BUMI, Sisa Kejayaan Masa Lalu Grup Bakrie yang Tenggelam di Dasar Harga Saham

Bareksa • 28 Jul 2015

an image
Ketua Umum DPP Partai Golkar versi Munas Bali, Aburizal Bakrie memberikan sambutan dalam diskusi UMKMK di Kompleks Parlemen (ANTARA FOTO/Sigid Kurniawan)

Bakrie Group menurut Satrio melihat kesempatan booming-nya batubara dan melakukan akuisisi terhadap KPC dan Arutmin.

Bareksa.com - Pada perdagangan kemarin (Senin, 27 Juli 2015) saham PT Bumi Resources Tbk (BUMI) akhirnya jatuh ke harga terendah Rp50. Saham BUMI mengikuti saham-saham milik Bakrie Grup lainnya yang juga seharga  Rp 50 per sahamnya.

Mereka adalah PT Bakrieland Development Tbk (ELTY), PT Bakrie Telecom Tbk (BTEL), PT Bakrie Plantation Tbk (UNSP), dan PT Bakrie & Brothers Tbk (BNBR). (Selengkapnya baca di sini: Akankah BUMI Menyusul Saham-saham Grup Bakrie Lain ke Harga Rp50/Saham)

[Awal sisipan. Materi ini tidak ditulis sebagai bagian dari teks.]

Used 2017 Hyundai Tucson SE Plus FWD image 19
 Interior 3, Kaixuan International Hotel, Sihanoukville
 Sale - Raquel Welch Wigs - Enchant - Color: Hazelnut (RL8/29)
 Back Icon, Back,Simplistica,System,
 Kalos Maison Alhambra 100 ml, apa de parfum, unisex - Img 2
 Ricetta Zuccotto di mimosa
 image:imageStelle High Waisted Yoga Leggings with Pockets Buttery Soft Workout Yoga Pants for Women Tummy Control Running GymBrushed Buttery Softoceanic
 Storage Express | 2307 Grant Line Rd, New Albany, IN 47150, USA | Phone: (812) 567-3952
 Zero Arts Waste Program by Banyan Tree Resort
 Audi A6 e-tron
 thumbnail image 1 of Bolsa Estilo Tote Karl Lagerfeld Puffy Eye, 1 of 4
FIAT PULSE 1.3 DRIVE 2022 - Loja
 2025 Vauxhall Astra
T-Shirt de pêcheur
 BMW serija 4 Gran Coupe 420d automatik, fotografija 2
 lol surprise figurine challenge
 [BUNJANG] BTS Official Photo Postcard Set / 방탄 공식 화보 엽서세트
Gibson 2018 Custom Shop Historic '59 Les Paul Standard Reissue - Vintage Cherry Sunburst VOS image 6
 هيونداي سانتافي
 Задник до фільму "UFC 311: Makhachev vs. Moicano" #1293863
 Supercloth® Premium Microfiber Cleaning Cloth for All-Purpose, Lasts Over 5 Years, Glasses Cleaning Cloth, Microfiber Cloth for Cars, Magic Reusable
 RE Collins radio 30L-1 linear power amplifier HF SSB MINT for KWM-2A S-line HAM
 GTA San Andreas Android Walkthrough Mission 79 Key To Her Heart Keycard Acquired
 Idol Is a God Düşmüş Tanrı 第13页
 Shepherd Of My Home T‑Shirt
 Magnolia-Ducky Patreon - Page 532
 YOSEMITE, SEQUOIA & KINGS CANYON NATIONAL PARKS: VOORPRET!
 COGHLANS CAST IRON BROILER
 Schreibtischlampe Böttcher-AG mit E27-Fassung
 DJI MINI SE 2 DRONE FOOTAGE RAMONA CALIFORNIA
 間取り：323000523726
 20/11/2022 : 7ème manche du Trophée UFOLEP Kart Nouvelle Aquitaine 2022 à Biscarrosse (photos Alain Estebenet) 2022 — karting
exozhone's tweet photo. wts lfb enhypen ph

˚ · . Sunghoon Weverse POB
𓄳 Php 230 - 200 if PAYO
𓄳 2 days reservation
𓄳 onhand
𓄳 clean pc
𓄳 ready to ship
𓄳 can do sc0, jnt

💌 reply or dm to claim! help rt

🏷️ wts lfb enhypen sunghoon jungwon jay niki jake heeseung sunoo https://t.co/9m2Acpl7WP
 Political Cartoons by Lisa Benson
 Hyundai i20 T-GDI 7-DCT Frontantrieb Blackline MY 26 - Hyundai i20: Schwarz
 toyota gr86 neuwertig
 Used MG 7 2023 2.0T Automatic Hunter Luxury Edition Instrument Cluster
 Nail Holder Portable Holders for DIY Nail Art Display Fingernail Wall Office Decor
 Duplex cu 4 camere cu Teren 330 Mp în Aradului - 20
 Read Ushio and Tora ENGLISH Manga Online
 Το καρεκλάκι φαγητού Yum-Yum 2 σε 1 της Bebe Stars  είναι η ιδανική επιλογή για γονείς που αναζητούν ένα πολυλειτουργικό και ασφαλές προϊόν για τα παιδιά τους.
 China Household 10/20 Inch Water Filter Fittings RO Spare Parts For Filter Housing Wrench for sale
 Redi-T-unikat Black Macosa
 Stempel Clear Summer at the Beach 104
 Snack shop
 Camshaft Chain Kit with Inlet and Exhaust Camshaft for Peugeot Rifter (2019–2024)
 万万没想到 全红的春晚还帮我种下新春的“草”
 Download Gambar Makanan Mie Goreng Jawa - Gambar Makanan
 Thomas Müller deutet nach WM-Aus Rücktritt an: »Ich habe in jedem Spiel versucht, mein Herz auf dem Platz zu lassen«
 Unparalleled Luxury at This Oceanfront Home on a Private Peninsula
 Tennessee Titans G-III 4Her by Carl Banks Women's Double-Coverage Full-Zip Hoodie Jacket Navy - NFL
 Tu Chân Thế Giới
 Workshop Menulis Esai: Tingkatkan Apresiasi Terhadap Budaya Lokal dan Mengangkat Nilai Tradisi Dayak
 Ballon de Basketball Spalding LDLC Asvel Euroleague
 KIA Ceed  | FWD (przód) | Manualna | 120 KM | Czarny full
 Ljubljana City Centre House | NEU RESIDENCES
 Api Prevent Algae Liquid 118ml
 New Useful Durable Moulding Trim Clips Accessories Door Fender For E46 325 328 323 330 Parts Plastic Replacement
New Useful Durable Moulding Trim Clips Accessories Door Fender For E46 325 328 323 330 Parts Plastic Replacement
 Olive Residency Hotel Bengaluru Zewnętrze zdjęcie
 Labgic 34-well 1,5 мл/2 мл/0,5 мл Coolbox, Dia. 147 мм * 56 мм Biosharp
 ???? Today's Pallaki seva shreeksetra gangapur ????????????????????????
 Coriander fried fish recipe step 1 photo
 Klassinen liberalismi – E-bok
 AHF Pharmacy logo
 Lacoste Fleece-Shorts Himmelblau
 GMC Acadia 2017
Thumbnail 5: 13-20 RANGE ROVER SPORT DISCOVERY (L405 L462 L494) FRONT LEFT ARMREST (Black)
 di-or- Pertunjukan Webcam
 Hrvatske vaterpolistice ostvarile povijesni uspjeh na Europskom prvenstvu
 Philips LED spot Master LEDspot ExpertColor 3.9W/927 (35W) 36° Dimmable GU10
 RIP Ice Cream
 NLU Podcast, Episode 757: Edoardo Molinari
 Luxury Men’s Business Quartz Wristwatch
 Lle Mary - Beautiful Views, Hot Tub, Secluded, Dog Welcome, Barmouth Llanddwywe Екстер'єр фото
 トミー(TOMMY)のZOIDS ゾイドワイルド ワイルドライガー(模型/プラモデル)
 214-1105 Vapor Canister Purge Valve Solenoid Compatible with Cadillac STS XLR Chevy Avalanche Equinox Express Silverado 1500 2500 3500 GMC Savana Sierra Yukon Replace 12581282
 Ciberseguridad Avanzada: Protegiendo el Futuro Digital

Walaupun terbaring pada harga Rp50, BUMI bukan saham sembarangan. BUMI pernah masuk ke dalam deretan saham-saham unggulan pada masanya.

Grafik Pergerakan Saham Bumi

Perusahaan yang pada saat didirikan bergerak di industri perhotelan dan pariwisata itu mulai IPO pada 30 Juli 1990. Saat itu BUMI menawarkan sebanyak 10 juta lembar saham dengan nilai harga penawaran Rp4.500  per saham.

Saham BUMI juga sempat anjlok ke level Rp200-500  pada 2000 - 2006. Namun, pada 2007, harga saham BUMI terus melonjak dan mencapai puncaknya Rp 8.400 pada 25 Juni 2008.

Head Research Universal Broker Indonesia Satrio Utomo, kepada Bareksa, Selasa 28 Juli 2015 mengatakan yang terjadi kepada saham BUMI adalah momentum naiknya batu bara Indonesia.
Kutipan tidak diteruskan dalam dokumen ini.